Grover Cleveland was on the $1000 bill, but when he died, he had little money of any kind. Marwa was in her bedroom reading and printing out notes when Joey interrupted, announcing like a trumpet,“O-sita-dimma Bem! ‘May-things-be-better-from-today-and-forever,’-and-his-last-name-means-Peace.”
Ositadimma Bem was a former classmate of Joey’s with skin much blacker than Lem’s who was now at Duke (Vivian Cheng had called as soon as she’d seen the assignment). Joey’s playmate was Nigerian, and although he lived in their building, he and Joey didn’t attend the same school anymore. When Marwa’s mother had learned that the Battery Park City P.S. 89 (closer to their apartment) had high scores, just not as high as P.S. 234’s, “Independence School” (across West Street, closer to Marwa at Stuy), she had moved heaven and earth to place Joey in the “even better” school, and, “If Joey gets sick at school, and I’m at work, you can take him home,” her mother ordered.
Marwa was ready to tell Joey that Mrs. al-Banna had her hands full with one almost-a-3rd-grader, but the black boy at the door held up a $100 bill and put his finger on his lip, as if directed to silence her. He put the $100 in his shorts pocket and handed Marwa a small envelope.
Marwa faced the door to Prix’s apartment. It opened, and Prix, golden and tan and green-eyed wasn’t smiling, but he looked relieved.
“You pierced your ears,” Prix said.
“I thought you were going to DC. Or LA.”
“Soon. Not today.”
Marwa looked around the apartment, the same size as her parents’ although it was laid out differently. The view was scopic of the bay and the river and the bridge to the north. There were screens at the open windows. A hot breeze would have billowed sheer curtains if there had been any.
“I know this room,” Marwa said. “We saw it in a design magazine in art.”
Prix was quiet. He was barefoot, shirtless, and wearing light, loose-fitting drawstring shorts. No lights were on. Fans hummed. Natural light came in with the hot air from the wall of windows, and where it did not reach there were shadows. Prix stood in one of them.
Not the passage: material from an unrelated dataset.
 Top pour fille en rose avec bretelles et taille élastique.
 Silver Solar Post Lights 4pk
“It said the apartment’s owner was ‘a jewel in a Tiffany setting,’ but no name or your picture.”
“I don’t need three bedrooms,” Prix said. “But I have them.”
He took her hand. His was cool. He led her down a long hallway unlike the minimalist public spaces, decorated with multicultural masks. Prix guided to touch one at shoulder-height: modern, a laquered papier mache bull head with real horns but an open, grinning human mouth.
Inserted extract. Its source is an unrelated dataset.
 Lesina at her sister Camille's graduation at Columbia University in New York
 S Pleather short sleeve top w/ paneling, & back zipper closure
“The Minotaur,” Prix said. He released her hand and pointed to several others. “By the same artist, Pan (a giant, goat-eared head with one open, one winking human eye), and Chimera (long, curved goat horns, a lion’s nose and fanged open mouth, human eyes). These,” he indicated other masks as he named them, “come from India and Japan and Africa . My prize,” as he pointed it out, “is from Burundi .”
“They weren’t in the magazine.”
“I asked them not to,” Prix said, taking her hand again.
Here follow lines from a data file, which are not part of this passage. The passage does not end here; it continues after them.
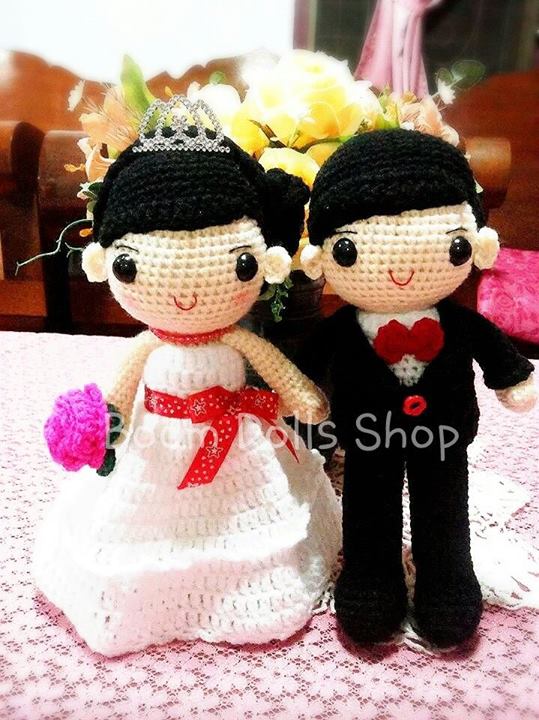 ตุ๊กตาถัก แต่งงาน ขนาด 9 นิ้ว
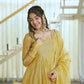 Mustard Foil Work Shimmer Gown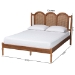 Baxton Studio Thatcher Mid-Century Modern Walnut Brown Finished Wood Queen Size Platform Bed with Woven Rattan - MG0211-Walnut-Queen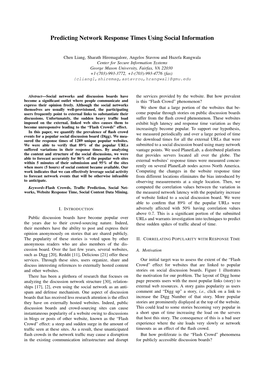 Predicting Network Response Times Using Social Information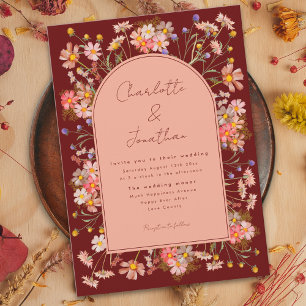 Invitation Fleur sauvage Arch Dark Terracotta Mariage de auto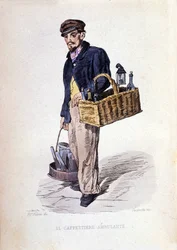 Small business of the city of Naples: the caffettiere, a Neapolitan coffee merchant. Engraving after a painting by F. Palizza. From a work by Francesco de Bourcard Costumi del regno di Napoli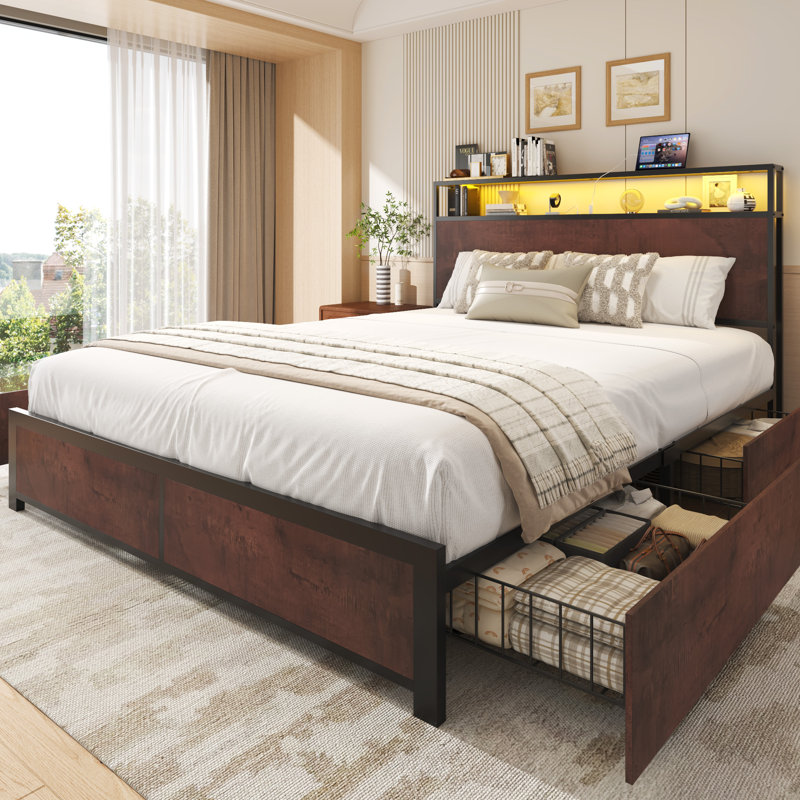Queen Metal Platform Bed Frame with 2-Tier Storage Headboard,4 Storage Drawers, Built in Charging Station & LED, Noise-Free/No Box Spring Needed, Rustic Brown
Marwa hesitated at a bathroom of lightbrown colored glass and stainless steel. “But you have no mirror,” she said. “How do you shave?”
“I know my face.”
The only object in the bedroom that registered on Marwa’s consciousness besides the wide platform bed was a standing globe by the window. Prix was still holding her hand, and her palms were sweating. She walked to the globe and turned it slowly. She thought, with my back to the window, my face is in shadow.
Prix never smiled. He tossed cushions onto the floor and pulled back a cover, untied the drawstring of his shorts and stepped out of them. He walked naked across the room and began to undress her without a word. There were sounds: from the street far below; of the breeze through the softly rattling screen; of thin blinds pulled to the ceiling. Of his breathing as he unbuttoned her sleeveless blouse, and the loud noise of a zipper.
“I have to go to the bathroom,” Marwa said.
“I’ll take care of everything.”
But she pulled away and rushed behind a door she thanked God wasn’t a closet and locked it behind her. She didn’t understand but feared her period had suddenly returned, that the flood she had felt had not only stained her panties but must’ve pooled on the bedroom floor. When she looked, the lightdays pad was hardly pink but it was saturated. Her little backpack was in the living room. She pulled the pad away from her panties, wrapped it in toilet paper, put it in a wastebasket, and opened the door. Prix was lying down on the bed, one arm angled above his head, leaning against a wooden headboard that ran the length of the wall. He wasn’t even looking at her.
What followed, Marwa relived for the rest of her life, re-membering it with a near endless recycling of particular details related to other experiences and thoughts that never could or would repeat its reality. Still, it was a luxurious series of moments that nearly satisfied even her competitive urge. She might not be first, but hers was best.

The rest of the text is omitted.